I probably wouldn't watch it if was dubbed in English. I hate dubbed foreign language movies. I want to hear the original actors.


----------



## Gunnyman (Jul 10, 2003)

Just finished. It reminded me of Fargo meets the Sopranos. I hope there will be more.


----------



## markymark_ctown (Oct 11, 2004)

steve771 said:


> It amazes me that after spending however much they did, Netflix didn't take the time/money to dub in English. It's kinda immersion breaking to have to read the TV. If I want to read, I'll get a book.


really? that's the nuance of the show, from what i hear...

in queue...looking forward to watching. love they they put all 8 eps out there rather than one a week...


----------



## Gunnyman (Jul 10, 2003)

There's enough of a mix of English and Norwegian that I was able to use the subtitles to verify what the characters were saying. It was really well done.


----------



## ElJay (Apr 6, 2005)

I've watched a couple of episodes and I find it quite amusing. Dubbing would totally run it, and most of the conversations are flowing in and out of Norwegian and English so often that it's incredibly easy to follow along. Though I do have to admit that at least half of my streaming queue is usually non-English language movies, so I'm quite conditioned to "reading the TV" already. 
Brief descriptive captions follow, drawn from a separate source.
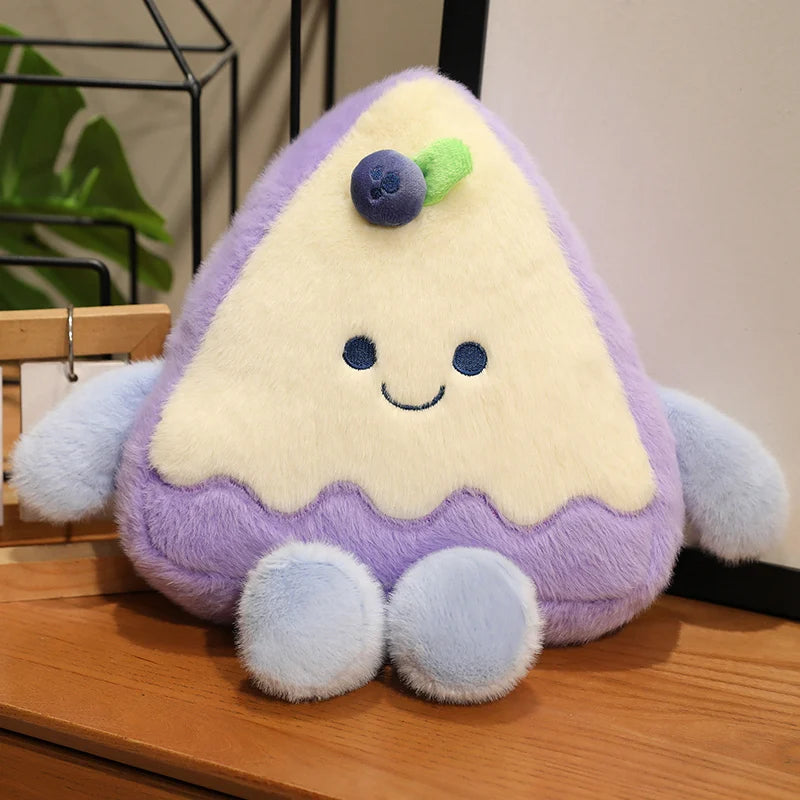 Plush toy shaped like a cake slice with a purple border on a wooden surface.
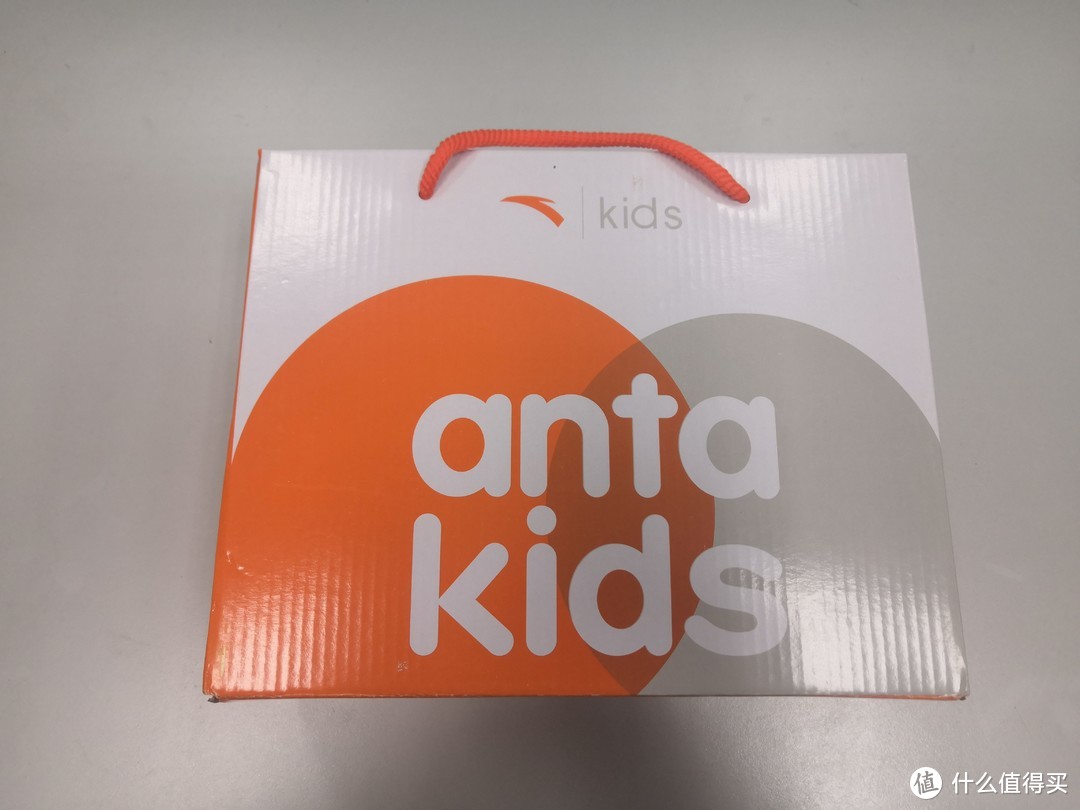 橙、灰、白三色鞋盒，anta kids，不知道图案是啥意思。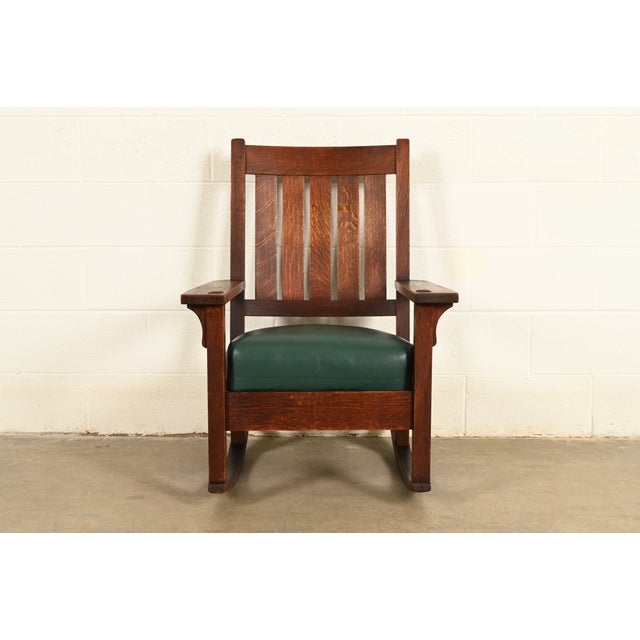 A gorgeous antique Mission or Arts & Crafts period rocking chair By Gustav Stickley USA, Circa 1910 Quarter sawn oak, with...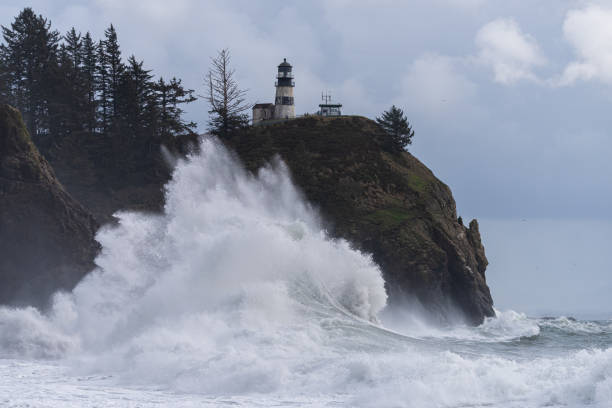 istock Large storm waves crashing under light house 1352077185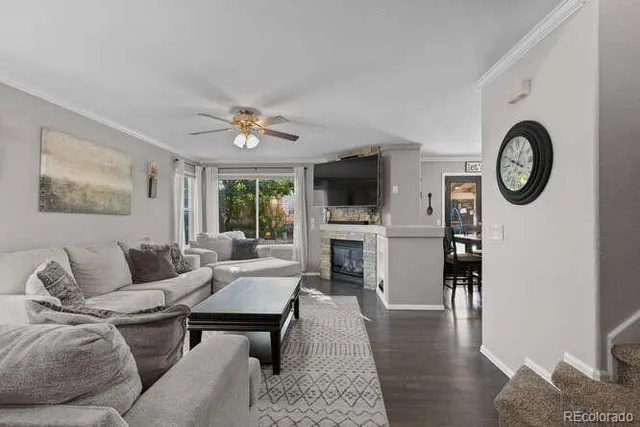 a living room with furniture a fireplace and wooden floor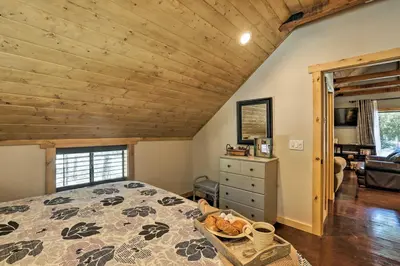 a bedroom with a bed and a wooden ceiling at 5 Mi to Skiing! Family Getaway Near Donner Lake in Truckee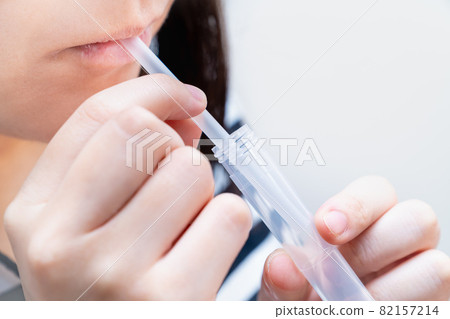 一名婦女在家中使用 PCR 檢測試劑盒收集唾液的照片。 PCR 測試的圖像。 82157214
It looks really good too with a Roku 2 XS and an internet connection that can pull down the 1080p video. It's better than any HDTV channels I can get from Time Warner at this point, and I was really impressed with how well it handled all of the dark (literally) scenes.


----------



## midas (Jun 1, 2000)

Just finished the last episode. The whole story line was pretty far fetched. But it was still very entertaining. To say that Van Zandt steals the show would be an understatement.


----------



## sieglinde (Aug 11, 2002)

I agree, I haven't watched it yet, but I prefer non-dubbed movies and shows.


----------



## jneugeba (Jan 20, 2004)

I really liked it. I especially liked how they explored some of the big cultural difference (prisons, schools, nature, etc.) between Norway and the US. 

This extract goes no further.